Data excerpt START

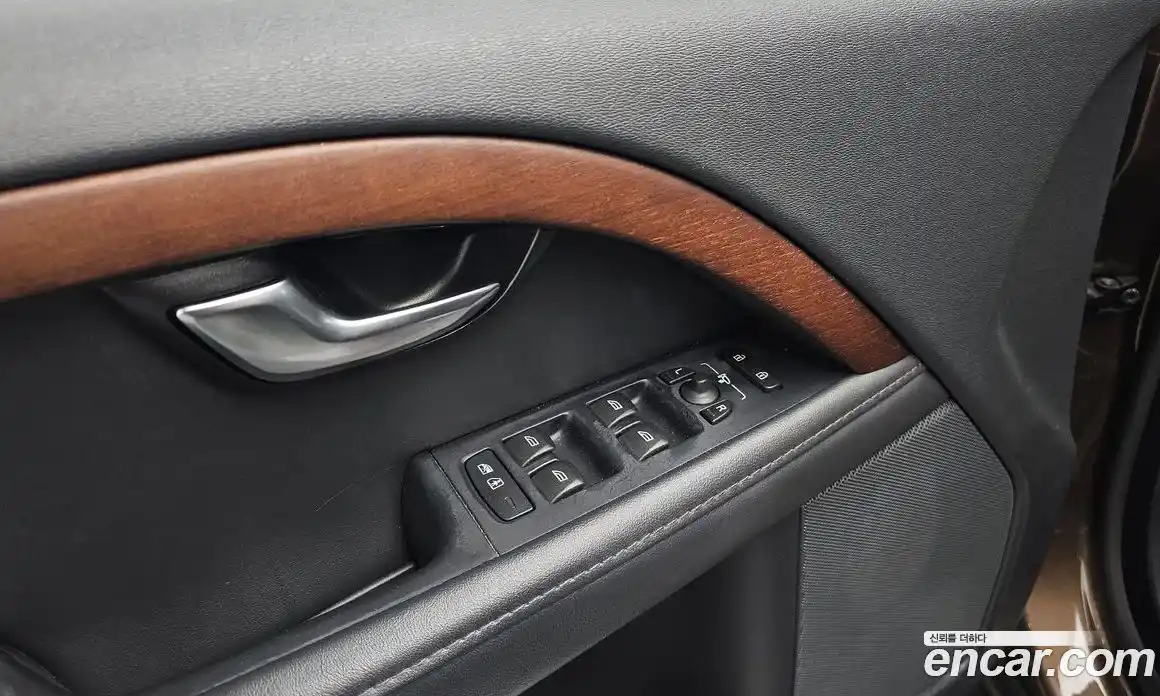 Volvo XC70 2014 2.0 гидро в Москве № 1836882, фото 16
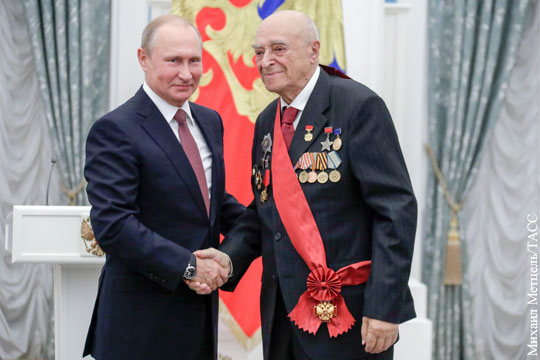 Путин вручил госнаграды 40 выдающимся россиянам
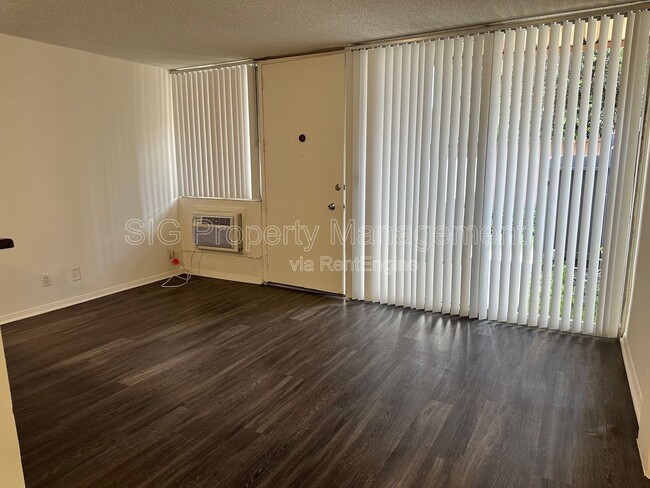 Building Photo - 650 N Oakland Ave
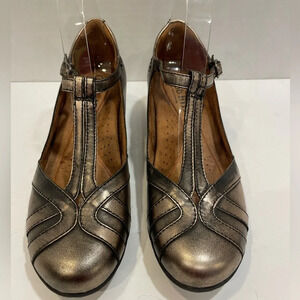 Cobb Hill By New Balance Metallic Bronze T-strap Leather Shoes Size 9 1/2 M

Data excerpt END

Work order
Begin at the line that contains "Путин вручил госнаграды" and transcribe every line through the end of the listing, exactly as written. Omit the pictures.

Worked solution
 Путин вручил госнаграды 40 выдающимся россиянам
 Building Photo - 650 N Oakland Ave
 Cobb Hill By New Balance Metallic Bronze T-strap Leather Shoes Size 9 1/2 M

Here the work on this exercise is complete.